Sacred Objects: A large people, the Dranei value things as big as they are--especially sound. Horns, particularly those taken from fearsome beasts, are often turned into prized instruments. The bigger, it is said, the better. Instrumental horns of a particularly powerful creature are often passed down through generations.


Ritual Magic

Eldanar's Oath: The Eldanar, it is said, were once the highest of the human races. It's true that what they dedicate their minds to, they achieve to extremes. The great contrast in Myrddion and Charn show living evidence. When the Eldanar make up their mind to achieve justice, there is little that stands in their way.

A group of Eldanar may declare the need for justice and mark the occasion with ritual, an exchange of blood, vows, and so on. This then acts as a lesser geas, but bestows the benefit of Heroism during the final battle.

Phurai Dae

Ritual Magic

Warp Rider: The phurai dae beasts carry the warp-magic of the Vast within them. The phurai dae know this and tap into it. It is one reason their herds are so valuable to them. When so mounted, groups of these riders may bend time and space, leaping great distances across the Vast. It is said the greatest of their tribal shamans may also use these talents to cross time. To accomplish this feat, the phurai dae and their peculiar horses must work together.

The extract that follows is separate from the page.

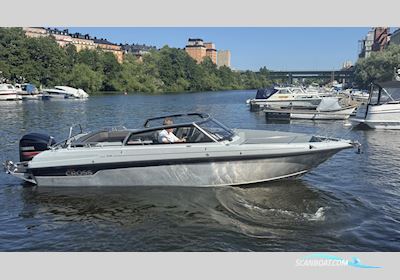 Yamarin Cross 75 BR Motorbåd 2019, med Yamaha motor, Sverige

However, they may bring a small number of outsiders (and outsider mounts) with them, "along for the ride."

Sacred Objects: A mare's first milk at the beginning of spring is said to bring communal good luck and good fortune.


Ritual Magic

The Fickle Wind: There is no formal name for this ritual, if even it is formalized at all. However, Tsuran have long noticed that when groups of them come together--no more than a few dozen, no fewer than a nuclear family--the art of the con becomes easier. Their voices become more persuasive, the cards always seem read, and so on, and in cases, the minds of their visitors may become clouded after leaving. It makes traveling bands of them dangerous to anyone who would keep their cash.

Shrouded Wagons: This second ritual draws from a similar source as Fickle Fate, though it's more formalized. It allows the Tsuran to get away, by creating a fog--whether by encouraging foul weather conditions, or encouraging a mild forgetfulness, as the Tsuran round up their transport and head on their way.


Ritual Magic

Gold's Gleam: There is a reason genie blood is prized, and even killed over. A clan with strong genie ties may call upon this power, though there is always a price to pay in blood or worse. It works as limited wish, otherwise. It's so named because the reward it is said, does not always outweigh the risk. Although it is supposedly an honor to be sacrificed for a wish, this is also a method to get rid of an unwanted heir or rival.

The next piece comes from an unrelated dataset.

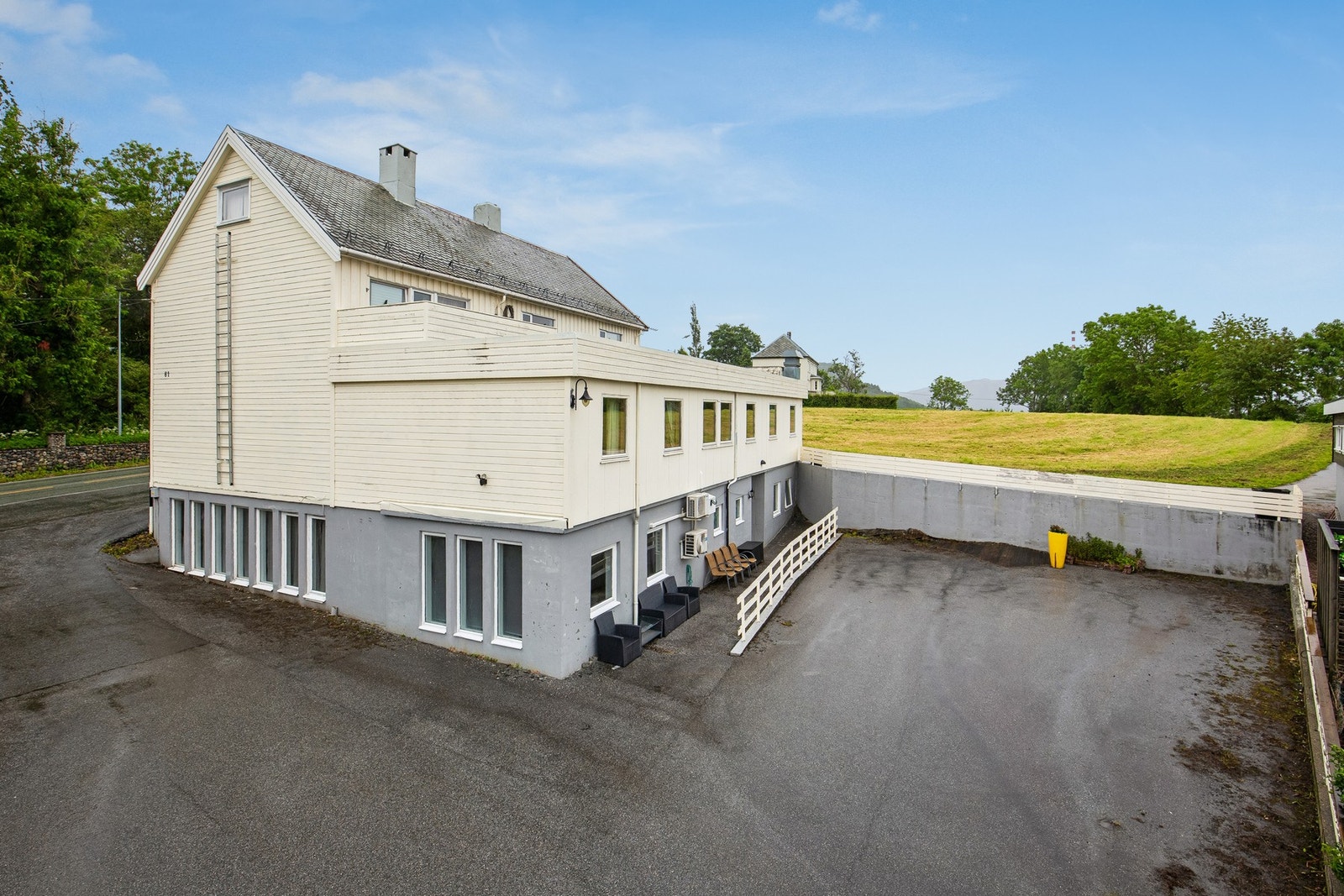 Fasade Galleribilde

Hearing the phrase "toss the coin" or "seeking gold's true gleam" from a Veyshanti, then, is both fortune and threat.

Peace On the Oasis: Less a ritual and more of an unspoken rule--on converging on an oasis, groups of Veyshanti sometimes swear to pacts of nonviolence, so long as they are nearby its water. The superstition that "the next water upon your tongue will be befouled" is strong enough that these oathbreakers is enough that most honor this pact, though not always. For example, indirect harm is not considered a violation of these oaths.

Sacred Objects: Veyshanti seek scrolls of histories tied to the genies--especially those ascribing bloodlines or heritage. The search for true documents is a herculean task, as many of these have been altered throughout history.


Ritual Magic

Half races are of mixed blood, and unless they strongly ally with one race or the other, generally lack the strong magic bonds of their parents. Half-race characters must select a bloodline which they most identify with, if this is the case. Once chosen, this may not be changed. If they ever are part of a Manifestation of Ritual Magic by their parent race, this permanently marks them--their features will alter to more closely reflect that race.